## Provided material
────────────────────────────────────────

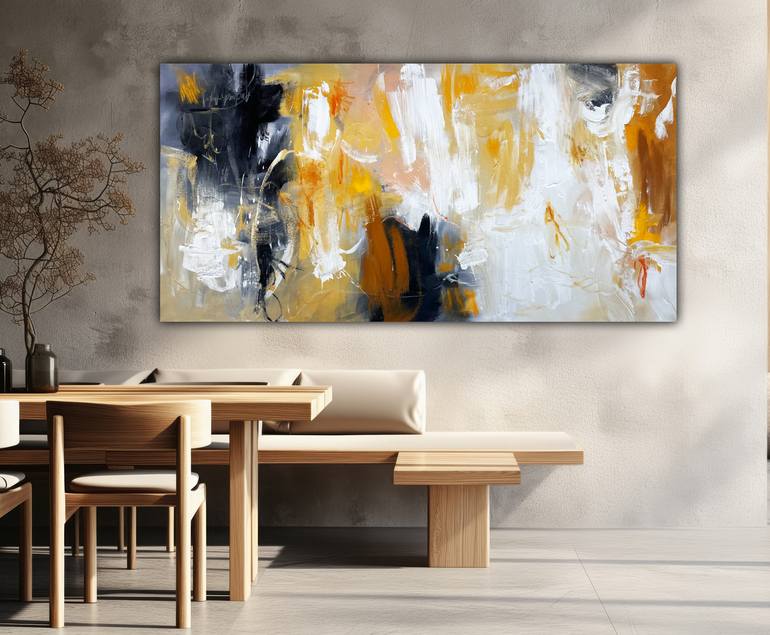 Original Abstract Expressionism Abstract Painting by Andrada Anghel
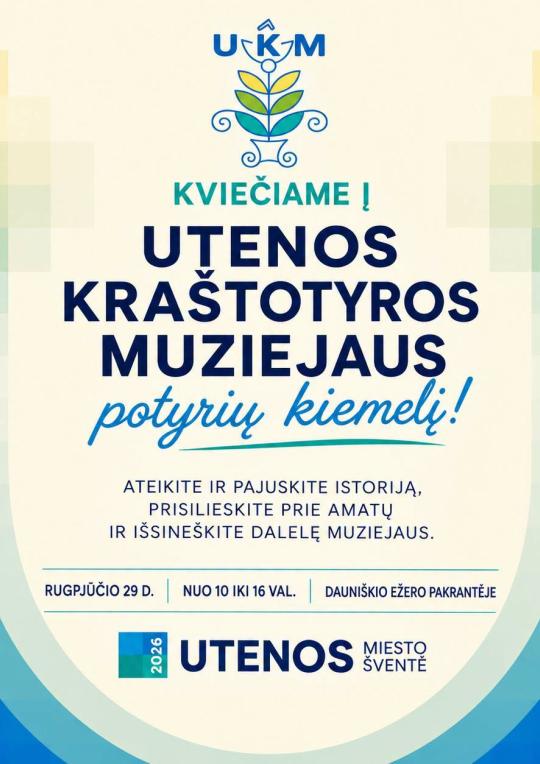2026 m. rugpjūčio 29 d. susitikime Utenos miesto šventėje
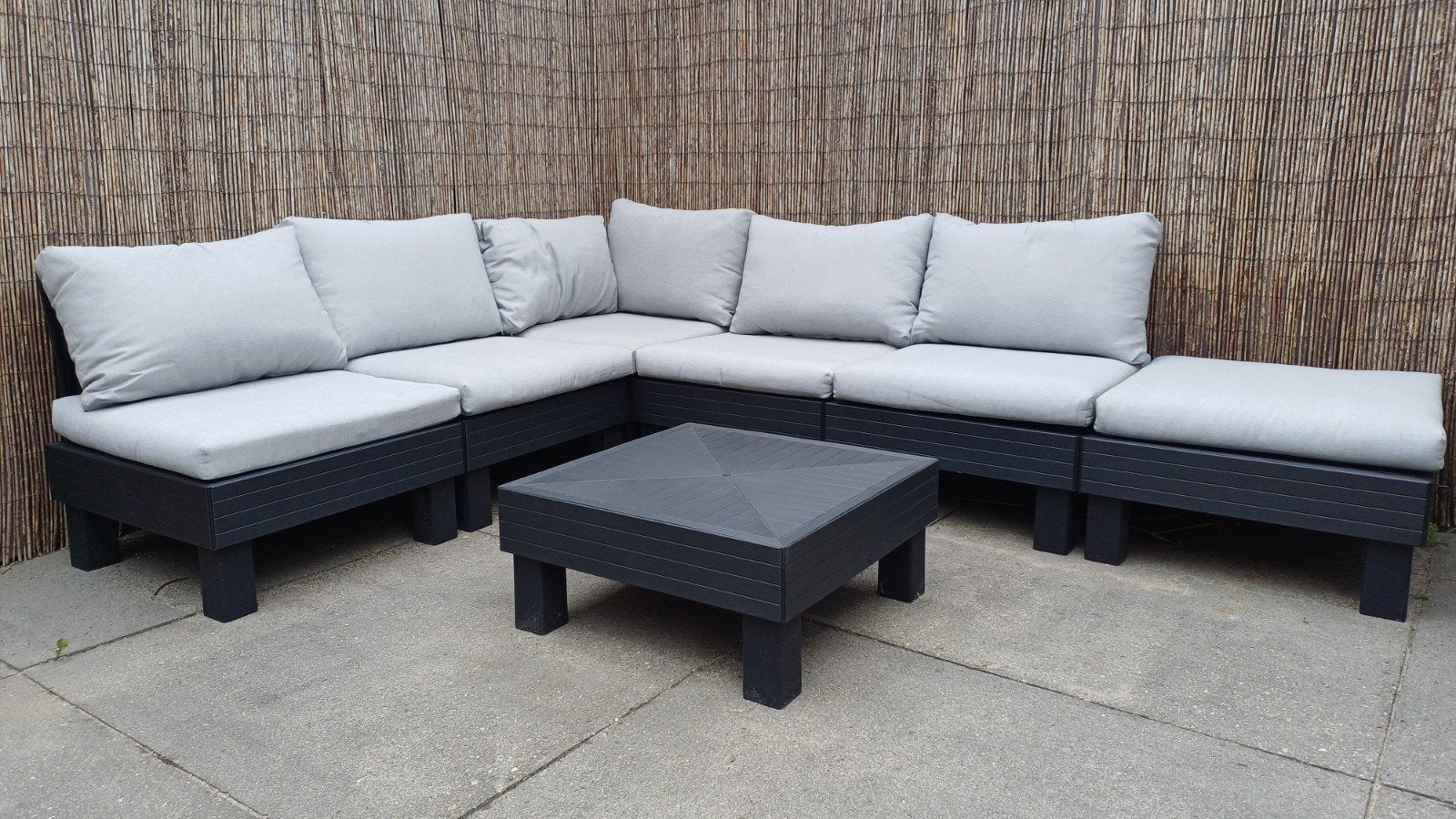 Keter Elements 6 zits loungeset, Tuin en Terras, Ophalen, Kunststof, 6 zitplaatsen, Bank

────────────────────────────────────────

The full listing must come back exactly as written, with its pictures left out.

## Exercise response
 Original Abstract Expressionism Abstract Painting by Andrada Anghel
2026 m. rugpjūčio 29 d. susitikime Utenos miesto šventėje
 Keter Elements 6 zits loungeset, Tuin en Terras, Ophalen, Kunststof, 6 zitplaatsen, Bank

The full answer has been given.